Now that winter weather is upon us and temperatures routinely dip below freezing, it’s a good time to review the best practices for winter Personal Protective Equipment (PPE). PPE is often viewed as a last resort when it comes to employee safety, but it is perhaps the most essential.
During cold weather, PPE should be designed to be warm and protective without compromising flexibility and comfort. PPE for the winter months should include:
- Insulated gloves – protects against frostbite which can affect areas with limited blood circulation, such as the fingers, toes, nose and ears. Insulated gloves are a critical part of winter PPE, balancing protection, flexibility and dexterity even at very low temperatures. Gloves should be soft and layered on the inside with a sturdy, weather-proof exterior to prevent injury against moisture, cold and impact. Gloves also need to provide a firm, safe grip on equipment which is likely to be cold, frozen, icy and slick.
- Outerwear – The best option here is for layered clothing, with the inner-most layer providing insulation and moisture-wicking properties to move sweat away from the skin. Additional layers add to the insulation factor, and an outer shell that is wind and moisture resistant is important. Outer layers that do not absorb moisture work best to keep the weight of the garment down. Inner layers also add comfort and flexibility as they can be removed should the weather or work conditions permit.
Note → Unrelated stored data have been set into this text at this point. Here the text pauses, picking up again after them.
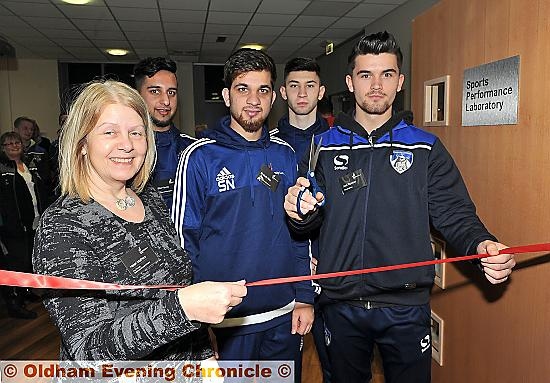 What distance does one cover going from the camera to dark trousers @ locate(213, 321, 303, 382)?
6.77 ft

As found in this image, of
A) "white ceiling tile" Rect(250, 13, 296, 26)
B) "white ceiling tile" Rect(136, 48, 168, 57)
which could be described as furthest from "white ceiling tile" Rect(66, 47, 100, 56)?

- UV eye protection – Do not get fooled by the lack of sun in the winter months. It can be just as strong and damaging as during the summertime and can even reflect off the snow to cause eye damage and discomfort. Wearing properly fitting safety glasses or goggles with UV protection should be required. Working outside on sunny, cold days can still damage the eyes through UV exposure.
- Anti-Slip and Insulated footwear – Safety boots are a commonly worn PPE around the garage area. In the winter, make sure these boots have insulation to keep the feet warm, a sturdy exterior which is water-resistant to keep the feet dry, and a solid sole construction to add grip and stability when negotiating slick walking surfaces. Wearing lined socks made of synthetic material that moves moisture away from the feet, but also provides good insulation can also help if the boot insulation is not adequate on its own. You may want to consider insulated sole inserts that can be removed to reduce moisture contact.
It is important to maintain properly protecting and fitting PPE throughout the year, especially during the winter months when our bodies are not equipped to handle the ice, snow and cold conditions. Remember to wear layers, cover exposed skin, keep hydrated, keep active, and avoid prolonged exposure to severe cold weather.